Aguila Wren was named at Aberystwyth on 28 June 1952. Among those present were Captain Arthur Frith of Aguila and Dame Vera Laughton Mathews, former Director of the WRNS who had selected the 22 Wrens for Gibraltar service. The Aguila Wren was transferred away from Aberystwyth in 1964 following that station’s re-designation to an inshore lifeboat station. After a refit she arrived at Redcar in February 1965. Following her final life-saving rescue on 16 November 1972, to a yacht which had lost her propeller, she was replaced at Redcar by a new boat on 22 November 1972.

===Sale to Sea Cadets===
Her status as a war memorial led to discussions about the possibility of preserving Aguila Wren in a museum at Portsmouth, but these talks came to nothing. In order to preserve Aguila Wren from being sold, potentially for use as a fishing boat, Commander Peter Sturdee, who was at the time working for the RNLI at Head Office, arranged for her to be sold to a branch of the Sea Cadets to train potential naval ratings and Wrens. She left Redcar at 6am on the morning of 23 November 1972, stopped overnight at Spurn Point, Humber, and then sailed up the Humber to Keadby, near Scunthorpe, where she was handed over to the Scunthorpe Sea Cadets to become their training ship. The formal handing-over ceremony took place in Keadby on 20 May 1973, with Peter Sturdee formally presenting her to the Sea Cadet Corps. Also present was Captain Arthur Frith from Aguila.

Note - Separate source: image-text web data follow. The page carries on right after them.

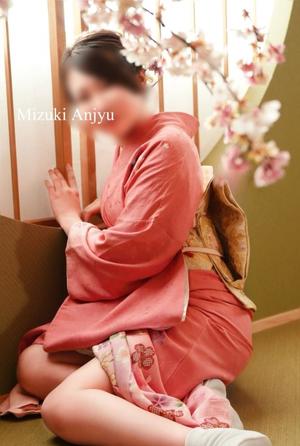 観月あんじゅの写メ日記｜ハールブルク 吉原高級店ソープ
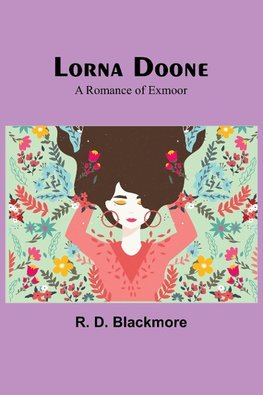 Lorna Doone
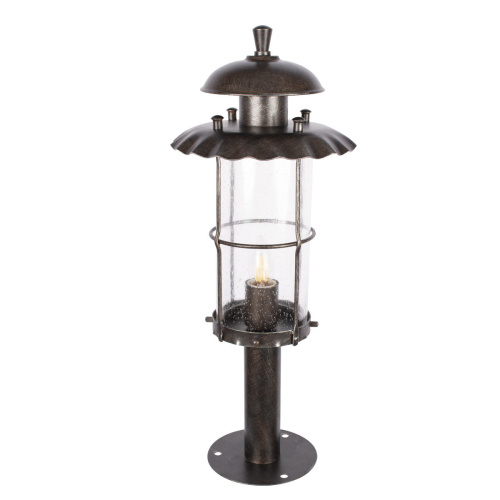 100015/590 Ландшафтный светильник LOFT IT Palermo фото 3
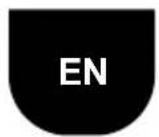Be Cool BC10LEF2301 - BE COOL - 1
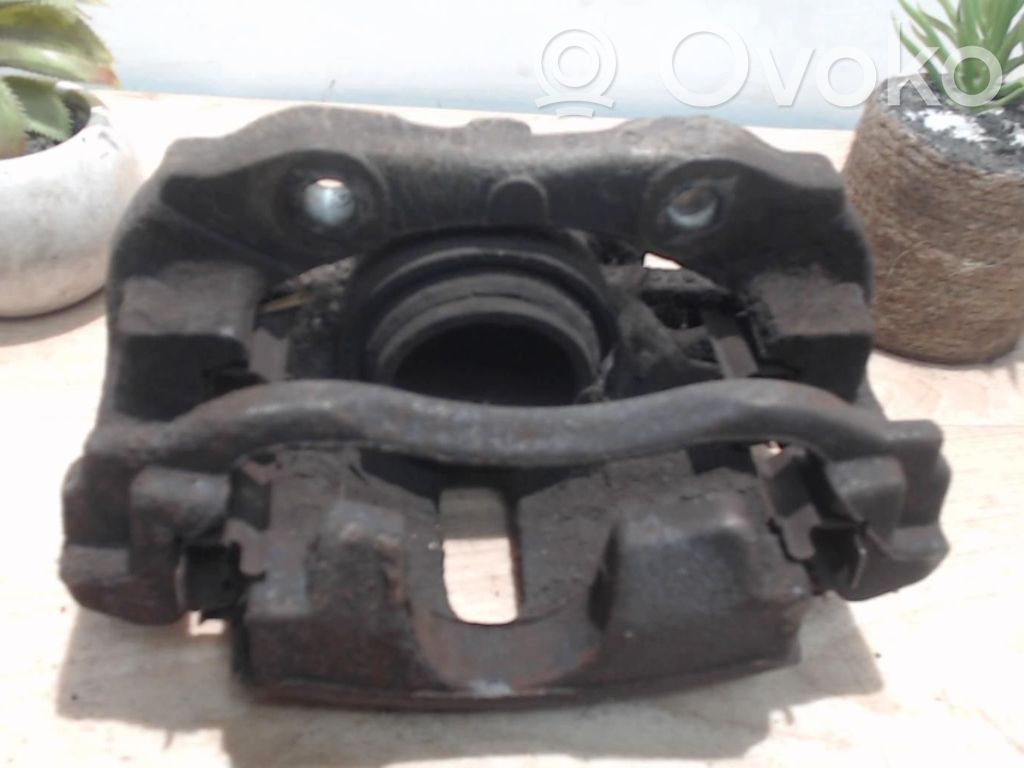 Bremssattel vorne   00004400R7,00004400R7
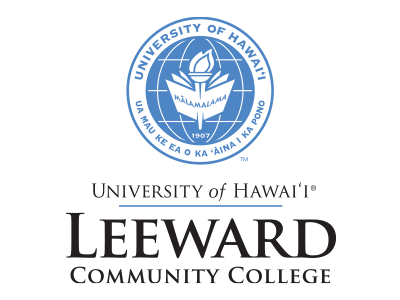 Leeward CC
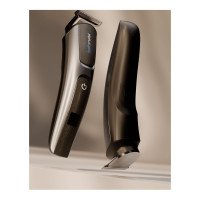 Įkraunama skutimosi mašinėlė „Trim 2.0“ - Bathmate
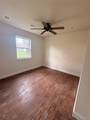 103 13th Street - Photo 3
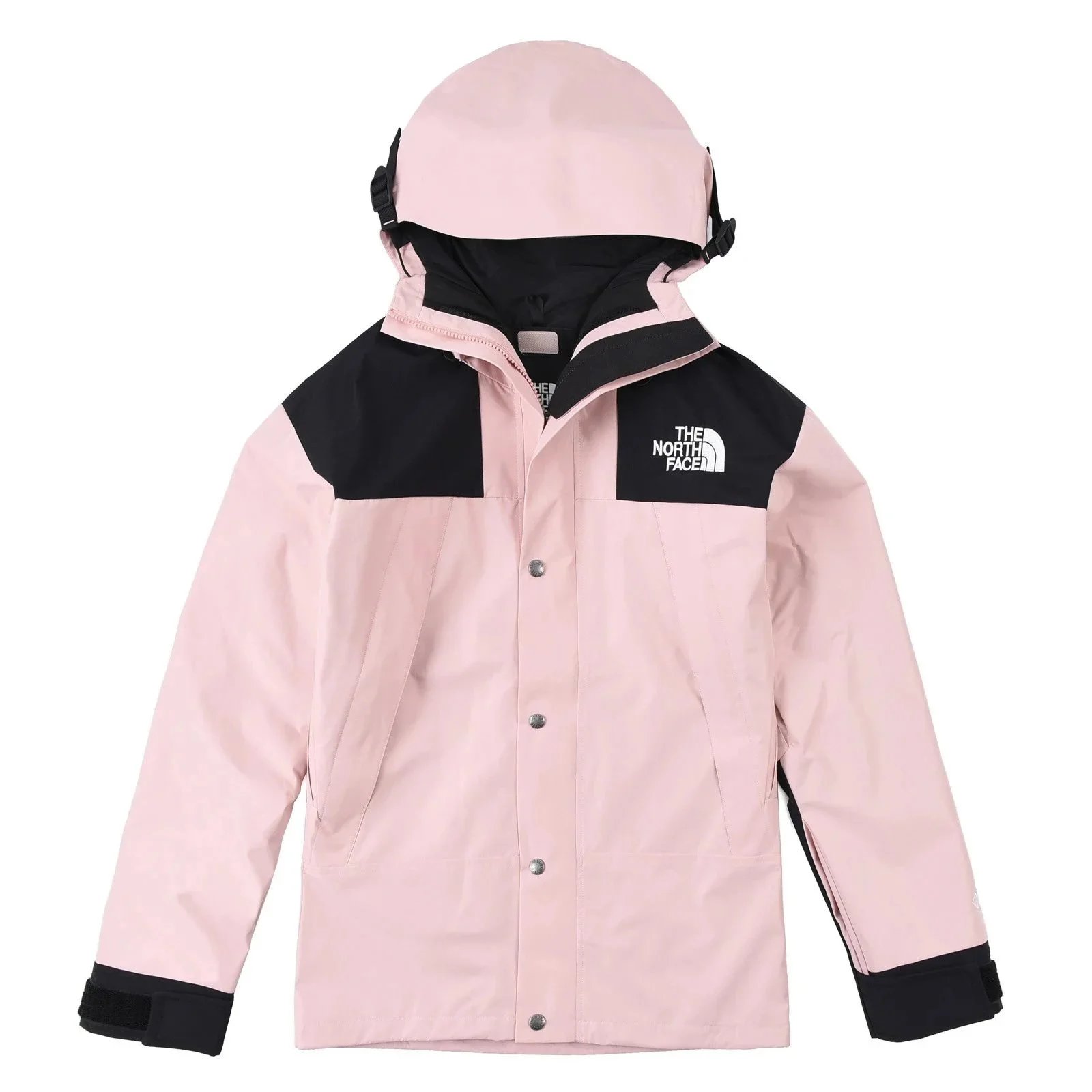 23 23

As a training ship Aguila Wren sailed extensively around Britain and in Europe, including what was described as a "memorable trip" along the Rhine. She was sold after some 20 years of service with the Sea Cadets, and became a diving boat at Donnelly's Quay, South Shields
. She was in a poor condition when she was found in mid-August 2004, bought by the son of one of her former shore crew members at Redcar, and put in storage.

==Restoration==
In January 2006 she was moved with the sponsorship of P&O Ferries to a specialist firm of expert, timber-built lifeboat restorers, where she is currently being restored to her original RNLI condition, with completion expected in 2014. She will then become a memorial to the 22 WRNS killed on Aguila in 1941, and will attend regattas and exhibitions to raise funds for the RNLI. Aguila Wren has been registered with National Historic Ships, who have provided a grant of £2,000 towards the restoration project.

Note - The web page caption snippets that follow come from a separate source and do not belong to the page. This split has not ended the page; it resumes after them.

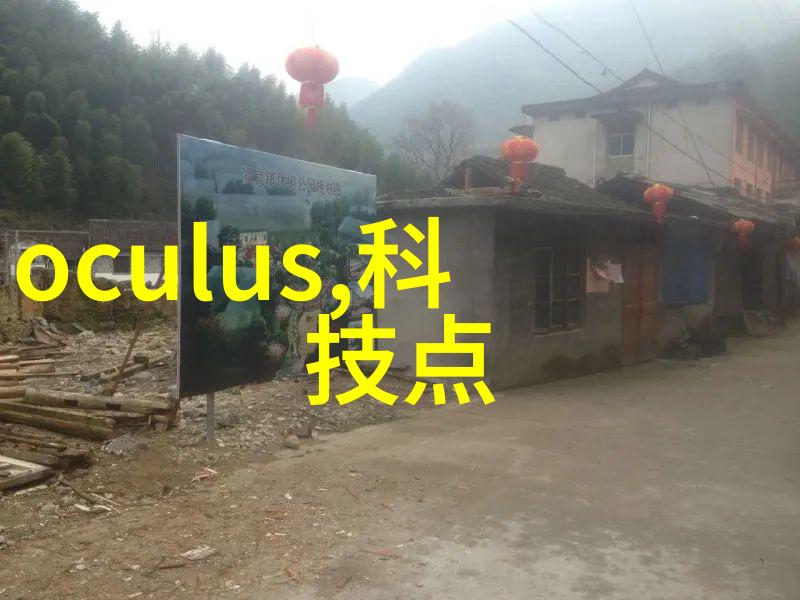 风力无边离心风机型号与参数全解析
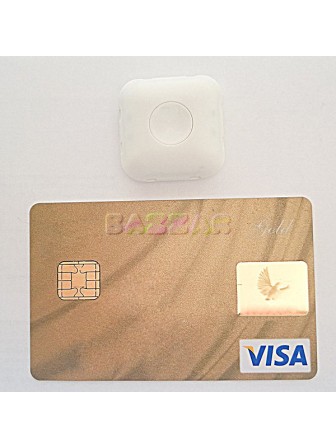 Уценка! Электронный корректор осанки iStatus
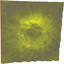 arphotonics.net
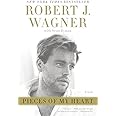 Pieces of My Heart: A Life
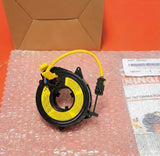New | OE# 93490-2C100 | Kia/Hyundai | Clock Spring | 93490 2C100 | 934902C100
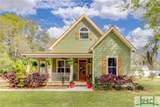 185 Goodman Drive - Photo 1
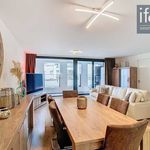Rent 1 bedroom apartment of 73 m² in Overijse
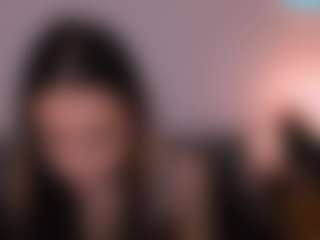 Live cam show with HarperMagical - Body Massage on friskycurves.com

Restoration has included replanking of parts of the hull on the starboard side, new hull frames, replacement of all decking, restoration of the original steering and the making and fitting of new deck steps and seating port and starboard. Aguila Wrens original port and starboard navigation lights and her steaming light were tracked down to an owner in New Zealand who had bought them when he lived near Keadby; they were subsequently reacquired by Aguila Wrens present owner and have been refitted to the boat after a round trip of around 23,000 miles to New Zealand and back. The provisions and radio locker, the wheel and Kelvin-Hughes binnacle compass fitted to Aguila Wren as part of her restoration came from ON.881 City of Leeds, the lifeboat that Aguila Wren replaced at Redcar in 1965, with these parts being acquired in 2012.